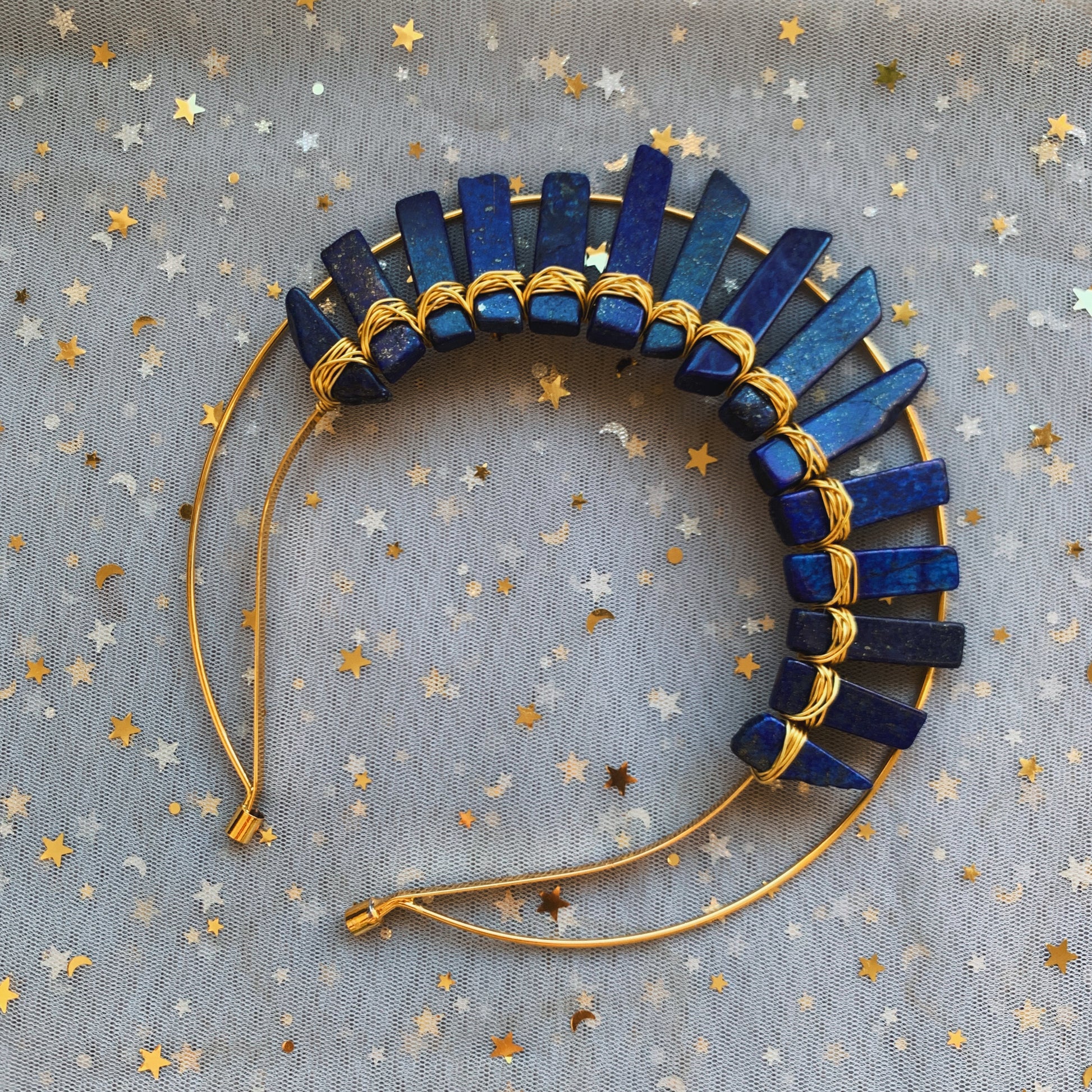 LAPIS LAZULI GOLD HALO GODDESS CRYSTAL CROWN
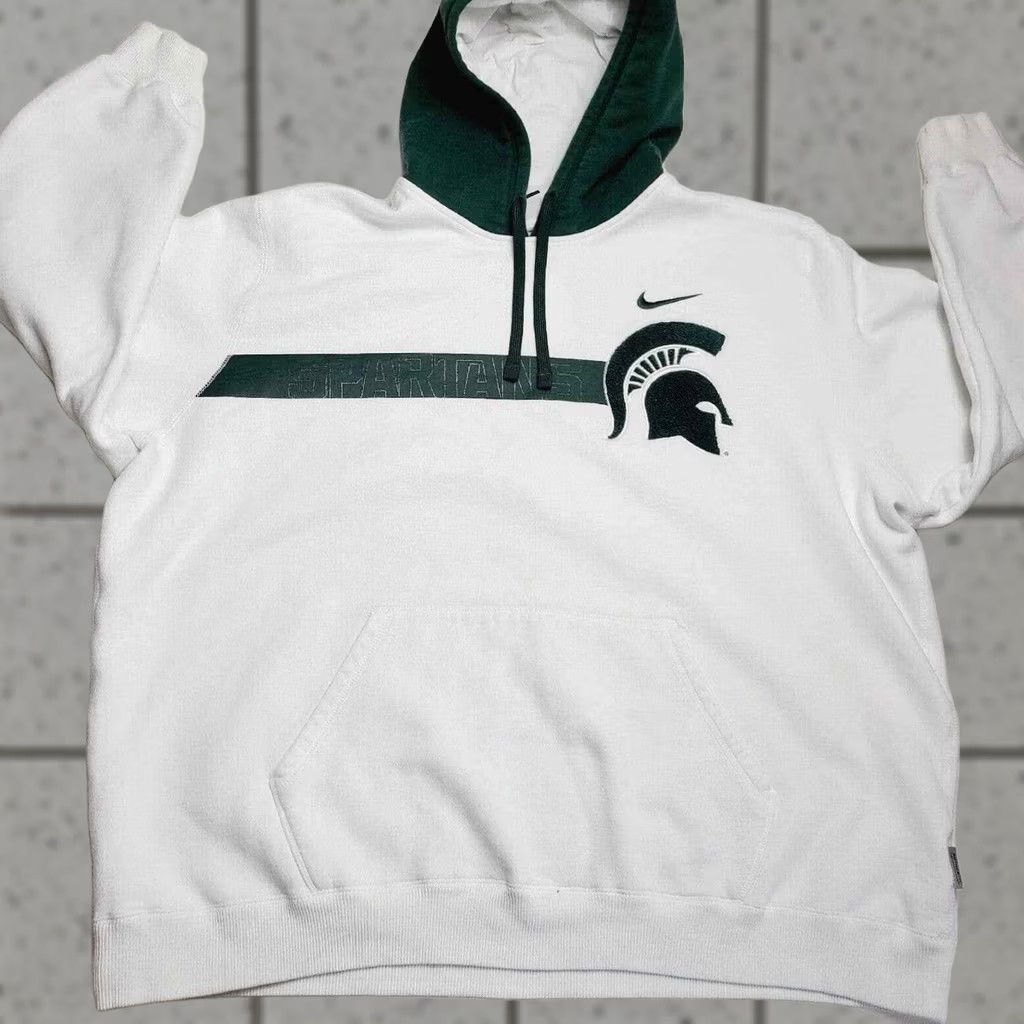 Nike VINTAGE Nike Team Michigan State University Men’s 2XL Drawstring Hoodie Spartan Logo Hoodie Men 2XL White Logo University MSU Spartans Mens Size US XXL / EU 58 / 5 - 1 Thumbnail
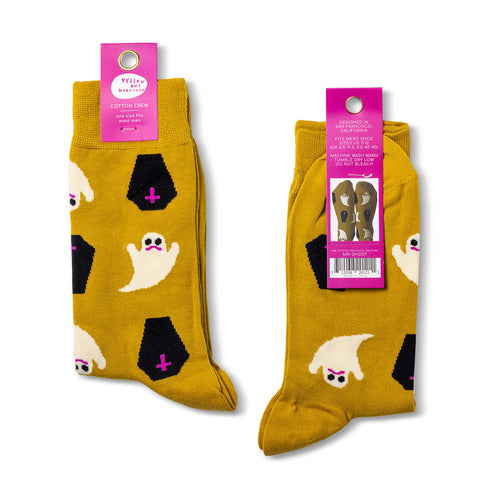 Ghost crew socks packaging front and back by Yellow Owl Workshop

+---+

◆ Exercise prompt
Copy nothing but the lines from the line that contains "Nike VINTAGE Nike" through the end of the listing, exactly, and keep pictures out of it.

◆ Solution for this exercise
 Nike VINTAGE Nike Team Michigan State University Men’s 2XL Drawstring Hoodie Spartan Logo Hoodie Men 2XL White Logo University MSU Spartans Mens Size US XXL / EU 58 / 5 - 1 Thumbnail
 Ghost crew socks packaging front and back by Yellow Owl Workshop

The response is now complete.